EXERCISE BRIEF: The reply should repeat all of the data word for word, with no pictures.

━━━━━━━━━━━━━━━━

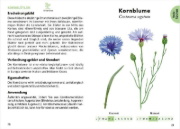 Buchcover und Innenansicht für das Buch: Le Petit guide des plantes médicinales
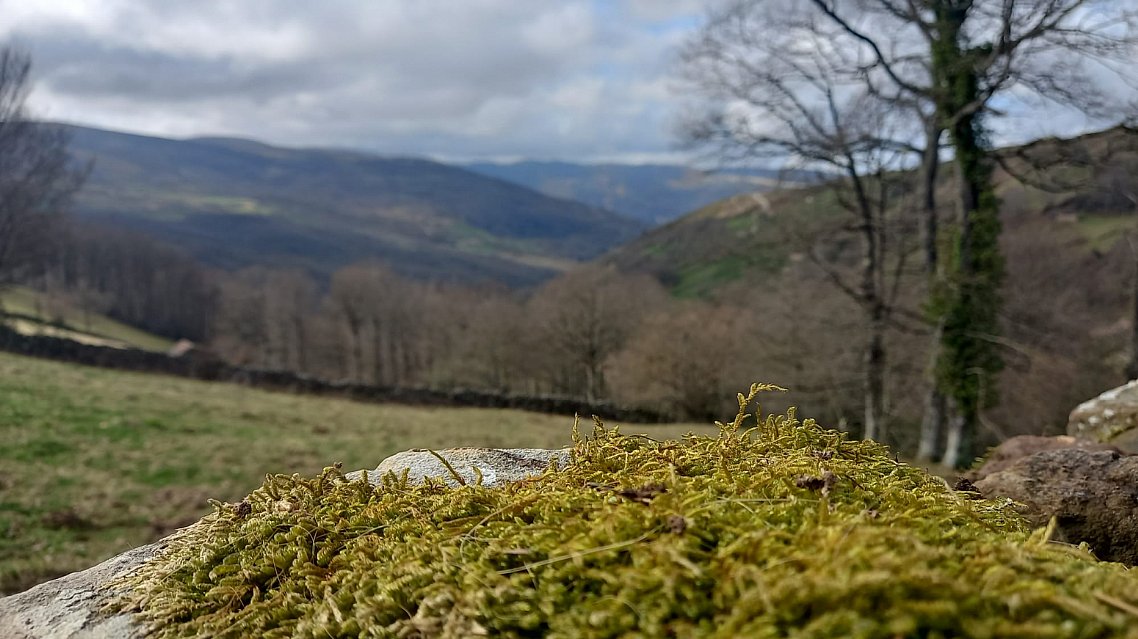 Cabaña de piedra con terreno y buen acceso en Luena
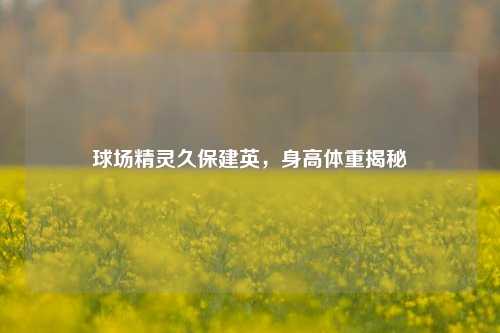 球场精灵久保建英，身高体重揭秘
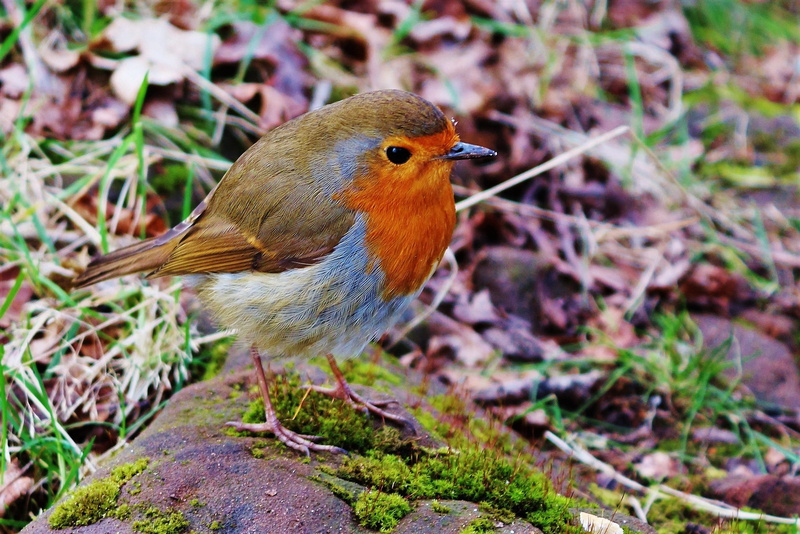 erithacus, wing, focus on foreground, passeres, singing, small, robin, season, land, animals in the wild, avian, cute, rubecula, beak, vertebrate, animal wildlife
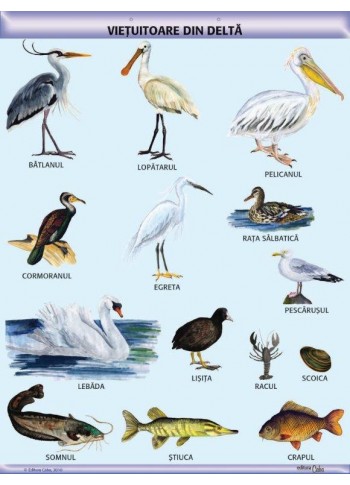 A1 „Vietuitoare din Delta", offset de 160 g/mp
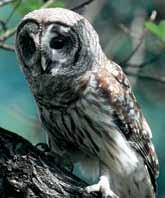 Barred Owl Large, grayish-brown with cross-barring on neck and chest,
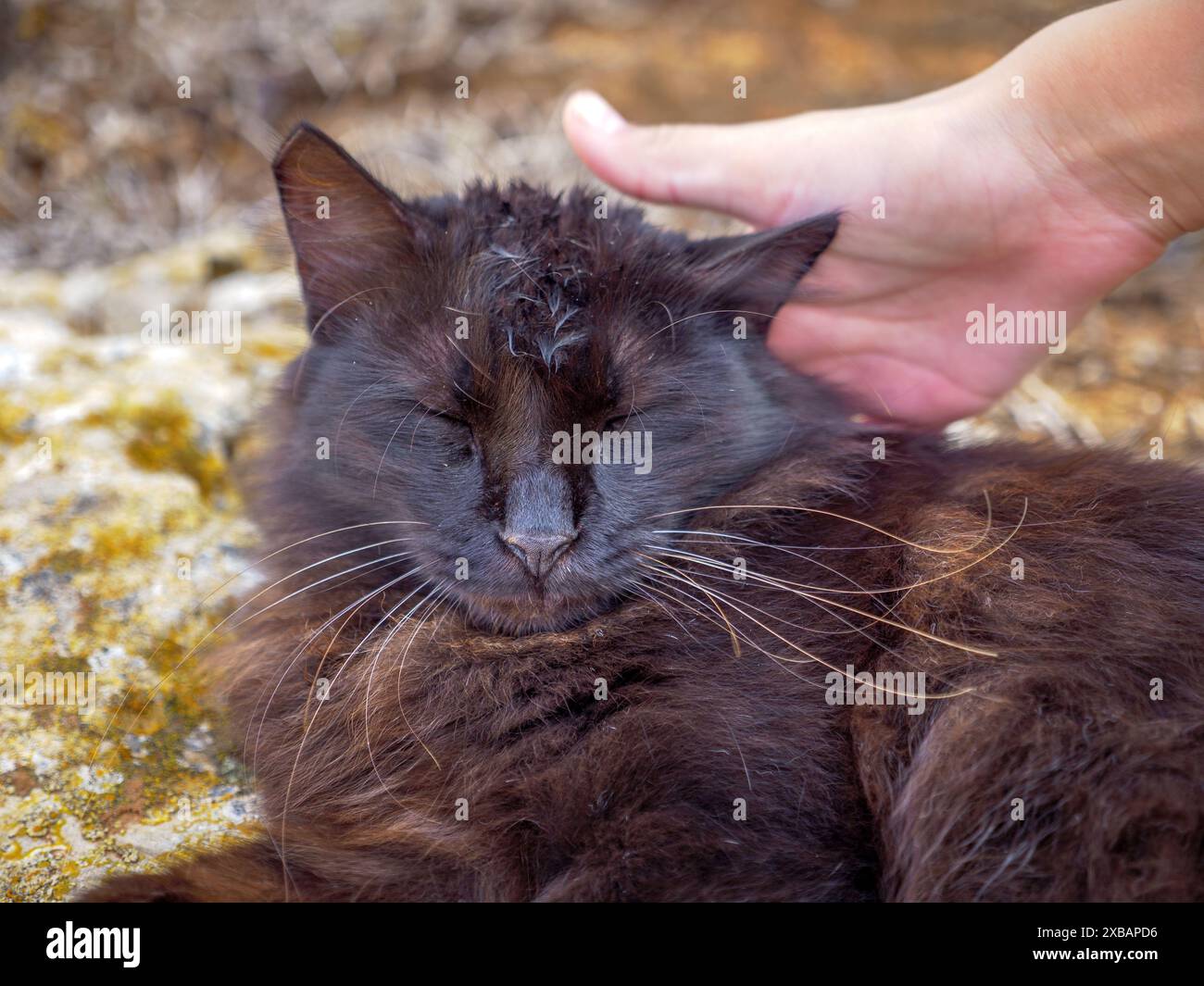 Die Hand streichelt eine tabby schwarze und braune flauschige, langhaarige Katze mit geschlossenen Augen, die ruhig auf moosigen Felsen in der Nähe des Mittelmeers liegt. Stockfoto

━━━━━━━━━━━━━━━━

WRITTEN ANSWER:
 Buchcover und Innenansicht für das Buch: Le Petit guide des plantes médicinales
 Cabaña de piedra con terreno y buen acceso en Luena
 球场精灵久保建英，身高体重揭秘
 erithacus, wing, focus on foreground, passeres, singing, small, robin, season, land, animals in the wild, avian, cute, rubecula, beak, vertebrate, animal wildlife
 A1 „Vietuitoare din Delta", offset de 160 g/mp
 Barred Owl Large, grayish-brown with cross-barring on neck and chest,
 Die Hand streichelt eine tabby schwarze und braune flauschige, langhaarige Katze mit geschlossenen Augen, die ruhig auf moosigen Felsen in der Nähe des Mittelmeers liegt. Stockfoto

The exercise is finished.